Francesco “disturbava” perché amato dai poveri

0
6
CREATOR: gd-jpeg v1.0 (using IJG JPEG v62), quality = 90

Perché sei venuto a disturbarci?”. La Curia romana e una parte cospicua dell’alta gerarchia della Chiesa cattolica ha, in fondo al cuore e a fior di labbra, incessantemente rivolto a Francesco questa domanda. Per non parlare dei potenti della Terra, convenuti al suo funerale più per essere sicuri che non tornasse, che non per onorarlo

“Perché sei venuto a disturbarci?”: è la prima domanda che il Grande Inquisitore rivolge a Cristo tornato nel mondo, nel finale travolgente dei Fratelli Karamazov di Dostoevskij. Si racconta che uno dei cardinali di Curia più esposti nelle ultime onoranze a Francesco fosse solito esclamare, passando con i suoi ospiti sotto un ritratto di Giovanni Paolo II: “Questo sì che era un papa!”. Francesco no, non corrispondeva a quella idea di papa. Perché con lui si è definitivamente compiuta l’autospoliazione del papato iniziata con Giovanni XXIII e quindi proseguita, tra accelerazioni (quella effimera di papa Luciani, per esempio) e arresti (appunto quello del papa polacco): con Francesco sparisce il sovrano pontefice, torna il vescovo di Roma, il pastore. Ciò che Francesco rigetta è il potere.

È il ‘peccato’ che il cardinale Grande Inquisitore di Dostoevskij rimprovera a Cristo, non aver voluto il potere temporale che Satana pure gli aveva offerto, nelle tentazioni: “Tu avevi rifiutato con sdegno quell’ultimo dono ch’egli ti offriva, mostrandoti tutti i regni della terra: noi accettammo da lui Roma e la spada di Cesare, e ci proclamammo re della terra, gli unici re”.

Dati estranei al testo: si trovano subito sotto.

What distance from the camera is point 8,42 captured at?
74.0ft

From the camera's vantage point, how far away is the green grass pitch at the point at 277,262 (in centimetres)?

Ecco, con Francesco si dimostra che quella lunghissima storia può finire, e che non per questo finisce la Chiesa. L’amore travolgente per questo papa, l’amore degli ultimi, dei diversi, dei poveri è quello che fa più paura a coloro che sono legati a una Chiesa la cui sopravvivenza sia fondata sul potere e sul controllo, e non sull’amore e sulla libertà. “Noi daremo agli uomini la tranquilla, umile felicità degli esseri deboli… e a noi si stringeranno, nella paura, come i pulcini alla chioccia”, dice il cardinale inquisitore. Con Francesco, no: “Se una persona è gay, cerca il Signore e ha buona volontà, chi sono io per giudicare?”. Lo disse in aereo, ai giornalisti, nel 2013, e alla Curia parve (come infinite altre volte) una voce dal sen fuggita, inopportuna. Invece l’ha poi ripetuto infinite volte, per esempio nella meditazione mattutina del 17 marzo 2014: “Chi sono io per giudicare gli altri? È la domanda da fare a se stessi per dare spazio alla misericordia, l’atteggiamento giusto per costruire la pace tra le persone, le nazioni e dentro di noi”. Il papa parlava la lingua del Vangelo: quella del Cristo, non quella del Grande Inquisitore.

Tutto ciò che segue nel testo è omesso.